Moskiewski sąd powinien rozpatrzeć w środę wniosek prokuratury o uznanie Fundacji Walki z Korupcją za organizację ekstremistyczną. Fundacja założona przez Aleksieja Nawalnego ujawniania majątki najwyższych urzędników państwowych i mechanizmy korupcyjne w Rosji. Według rosyjskich obrońców praw człowieka, uznanie tej organizacji za ekstremistyczną uniemożliwi kilkaset tysiącom działaczy opozycji start w jesiennych wyborach.
Współpracownicy Aleksieja Nawalnego wskazują, że w przypadku Fundacji Walki z Korupcją konsekwencje prawne mogą dotknąć ponad 200 tysięcy Rosjan.
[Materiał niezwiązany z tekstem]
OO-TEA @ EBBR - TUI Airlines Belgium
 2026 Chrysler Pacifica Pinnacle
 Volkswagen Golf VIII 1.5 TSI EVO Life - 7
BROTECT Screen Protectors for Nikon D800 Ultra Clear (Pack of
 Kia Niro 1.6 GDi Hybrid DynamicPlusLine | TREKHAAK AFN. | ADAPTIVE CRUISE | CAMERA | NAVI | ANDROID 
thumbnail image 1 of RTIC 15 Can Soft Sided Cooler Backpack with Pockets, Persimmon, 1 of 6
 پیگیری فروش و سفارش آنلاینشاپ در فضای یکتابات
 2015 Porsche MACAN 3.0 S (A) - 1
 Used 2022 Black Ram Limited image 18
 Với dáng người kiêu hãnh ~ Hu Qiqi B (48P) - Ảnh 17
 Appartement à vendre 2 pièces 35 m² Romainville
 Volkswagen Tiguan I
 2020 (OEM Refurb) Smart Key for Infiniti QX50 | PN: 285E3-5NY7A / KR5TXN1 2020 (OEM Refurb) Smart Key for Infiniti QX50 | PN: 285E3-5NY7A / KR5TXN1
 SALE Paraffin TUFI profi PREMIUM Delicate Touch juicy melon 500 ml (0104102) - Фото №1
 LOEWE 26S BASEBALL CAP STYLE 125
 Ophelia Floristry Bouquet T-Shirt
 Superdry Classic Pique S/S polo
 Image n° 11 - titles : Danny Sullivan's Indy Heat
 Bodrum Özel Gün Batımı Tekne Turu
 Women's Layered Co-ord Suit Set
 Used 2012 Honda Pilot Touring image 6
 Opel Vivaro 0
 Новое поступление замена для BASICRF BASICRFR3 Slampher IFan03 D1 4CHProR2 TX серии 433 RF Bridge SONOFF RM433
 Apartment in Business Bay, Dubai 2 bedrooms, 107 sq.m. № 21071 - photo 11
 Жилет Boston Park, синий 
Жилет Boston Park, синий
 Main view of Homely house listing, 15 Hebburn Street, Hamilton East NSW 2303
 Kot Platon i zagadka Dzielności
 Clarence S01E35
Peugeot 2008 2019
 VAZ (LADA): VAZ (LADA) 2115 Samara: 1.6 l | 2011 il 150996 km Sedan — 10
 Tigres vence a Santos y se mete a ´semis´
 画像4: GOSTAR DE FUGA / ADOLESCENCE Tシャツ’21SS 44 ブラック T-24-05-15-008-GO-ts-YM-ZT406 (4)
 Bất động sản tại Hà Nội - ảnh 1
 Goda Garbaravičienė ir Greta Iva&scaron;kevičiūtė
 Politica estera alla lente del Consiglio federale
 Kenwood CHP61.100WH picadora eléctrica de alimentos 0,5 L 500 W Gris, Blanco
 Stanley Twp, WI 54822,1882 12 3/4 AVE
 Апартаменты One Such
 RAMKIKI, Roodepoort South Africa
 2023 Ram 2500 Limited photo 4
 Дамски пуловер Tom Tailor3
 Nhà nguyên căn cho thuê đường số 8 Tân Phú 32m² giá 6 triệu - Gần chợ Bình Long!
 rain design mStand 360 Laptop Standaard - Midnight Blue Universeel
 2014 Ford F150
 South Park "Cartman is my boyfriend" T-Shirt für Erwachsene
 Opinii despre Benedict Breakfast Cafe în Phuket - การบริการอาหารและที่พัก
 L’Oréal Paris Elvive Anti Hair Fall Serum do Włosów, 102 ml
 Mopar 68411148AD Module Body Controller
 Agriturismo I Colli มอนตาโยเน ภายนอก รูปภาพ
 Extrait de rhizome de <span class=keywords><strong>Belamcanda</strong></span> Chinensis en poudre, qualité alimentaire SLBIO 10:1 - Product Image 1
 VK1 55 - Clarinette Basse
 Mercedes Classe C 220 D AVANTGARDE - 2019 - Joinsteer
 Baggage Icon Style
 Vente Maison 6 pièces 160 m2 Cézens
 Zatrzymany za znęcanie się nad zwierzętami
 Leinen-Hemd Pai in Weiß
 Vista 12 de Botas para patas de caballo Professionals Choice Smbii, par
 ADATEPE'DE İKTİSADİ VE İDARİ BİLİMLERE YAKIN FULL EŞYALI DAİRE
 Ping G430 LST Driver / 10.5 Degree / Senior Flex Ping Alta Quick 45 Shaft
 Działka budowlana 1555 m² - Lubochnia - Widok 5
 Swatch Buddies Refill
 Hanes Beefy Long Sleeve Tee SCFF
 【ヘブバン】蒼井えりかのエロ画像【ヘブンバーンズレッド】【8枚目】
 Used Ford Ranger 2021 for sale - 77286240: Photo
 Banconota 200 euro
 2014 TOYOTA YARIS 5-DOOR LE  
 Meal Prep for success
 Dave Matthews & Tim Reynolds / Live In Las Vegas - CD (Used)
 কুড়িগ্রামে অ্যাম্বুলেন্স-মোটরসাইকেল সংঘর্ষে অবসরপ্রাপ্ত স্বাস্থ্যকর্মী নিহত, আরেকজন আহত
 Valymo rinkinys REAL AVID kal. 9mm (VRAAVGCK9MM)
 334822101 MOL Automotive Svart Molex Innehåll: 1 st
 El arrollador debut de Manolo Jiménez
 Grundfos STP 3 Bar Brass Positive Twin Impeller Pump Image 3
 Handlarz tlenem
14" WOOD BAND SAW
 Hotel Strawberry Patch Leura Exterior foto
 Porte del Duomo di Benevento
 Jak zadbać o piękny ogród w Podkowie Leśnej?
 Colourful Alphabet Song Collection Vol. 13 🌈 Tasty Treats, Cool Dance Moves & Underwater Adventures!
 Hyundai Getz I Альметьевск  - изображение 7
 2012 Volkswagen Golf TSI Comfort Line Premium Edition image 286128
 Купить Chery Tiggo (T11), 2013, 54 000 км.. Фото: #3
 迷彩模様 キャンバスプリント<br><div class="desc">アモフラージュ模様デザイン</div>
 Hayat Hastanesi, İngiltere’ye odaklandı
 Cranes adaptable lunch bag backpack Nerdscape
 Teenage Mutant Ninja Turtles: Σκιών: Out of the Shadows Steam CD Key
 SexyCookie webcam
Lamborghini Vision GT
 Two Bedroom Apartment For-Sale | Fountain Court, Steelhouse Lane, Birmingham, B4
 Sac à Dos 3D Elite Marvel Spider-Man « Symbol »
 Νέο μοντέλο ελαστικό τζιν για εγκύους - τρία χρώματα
Naczelny redaktor "Nowej Gaziety" - Dmitrij Muratow - stwierdził w rozmowie z Echem Moskwy, że władze wszelkimi sposobami próbują "wykryć wszystkich inaczej myślących, żeby pozbawić ich wolności obywatelskich".
Rosyjskie media niezależne przypominają, że na trzy miesiące przed zaplanowanymi wyborami działacze opozycji, którzy zgłaszają chęć kandydowania, są poddawani represjom, w tym przeciwko najpoważniejszym konkurentom rządzącej partii Jedna Rosja wszczynane są pod różnymi pretekstami postępowania karne.